** Opening SOURCE MATERIAL block **
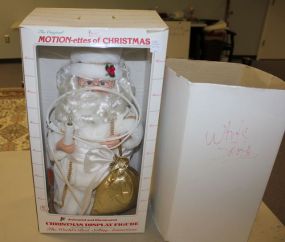 Christmas Display Figure of Santa in Box 20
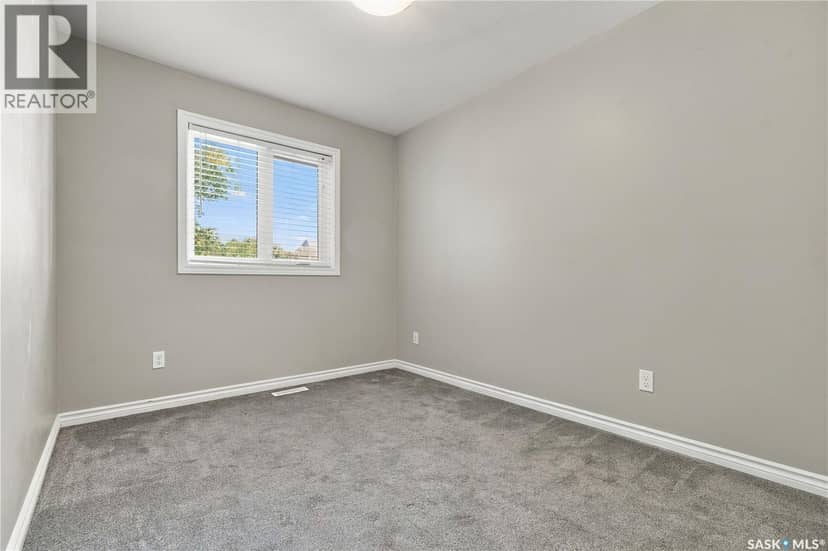317 G Avenue S — photo 21 of 40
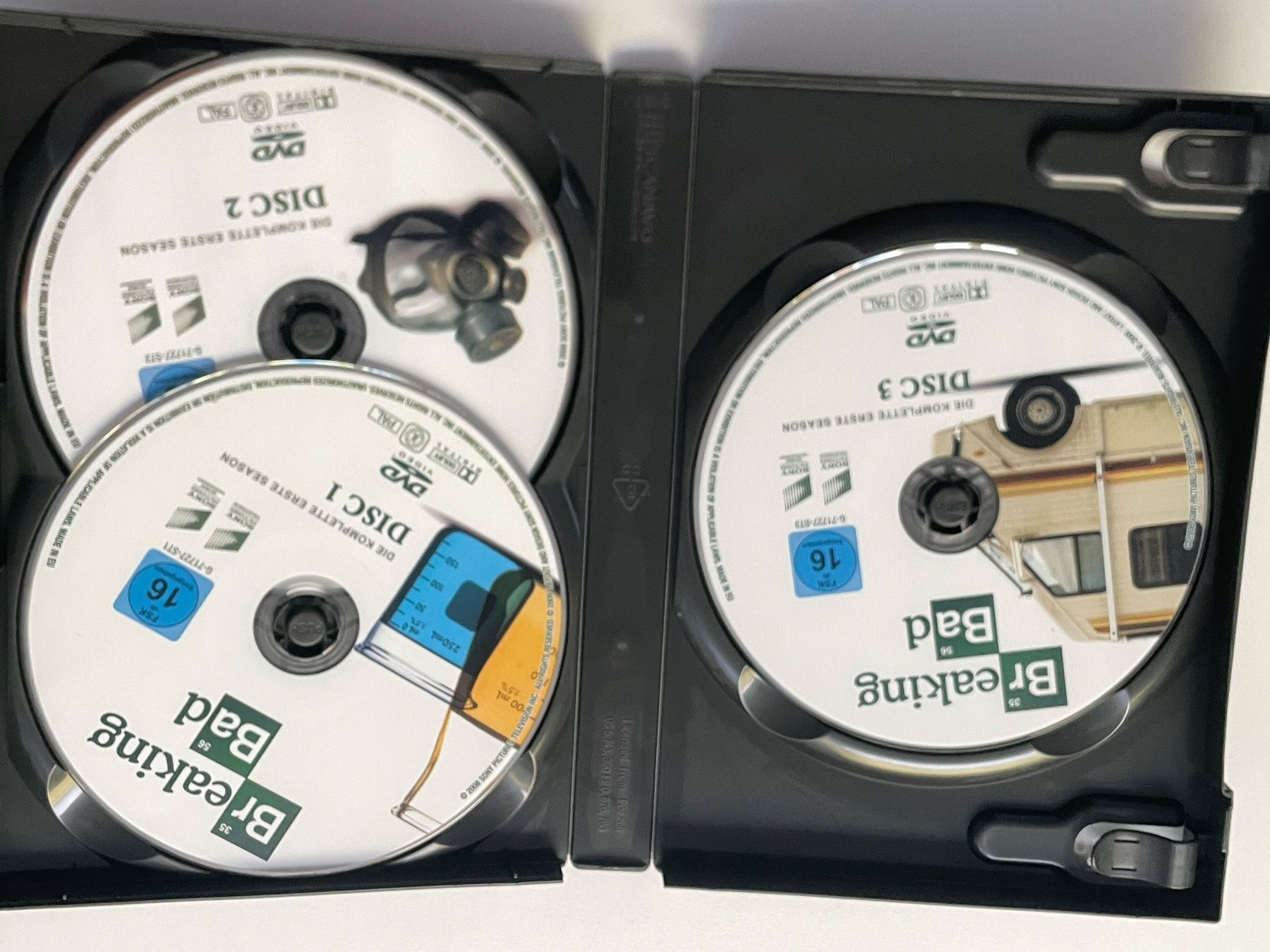 Alle DVDs: Breaking Bad Staffel 1 2 – Gebraucht aus Muri b. Bern von AdidasCollector 3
** Closing SOURCE MATERIAL block **
§ WORK ORDER:
Restate the material word for word; no picture should appear in the copy.

§ WORKED SOLUTION:
 Christmas Display Figure of Santa in Box 20
317 G Avenue S — photo 21 of 40
 Alle DVDs: Breaking Bad Staffel 1 2 – Gebraucht aus Muri b. Bern von AdidasCollector 3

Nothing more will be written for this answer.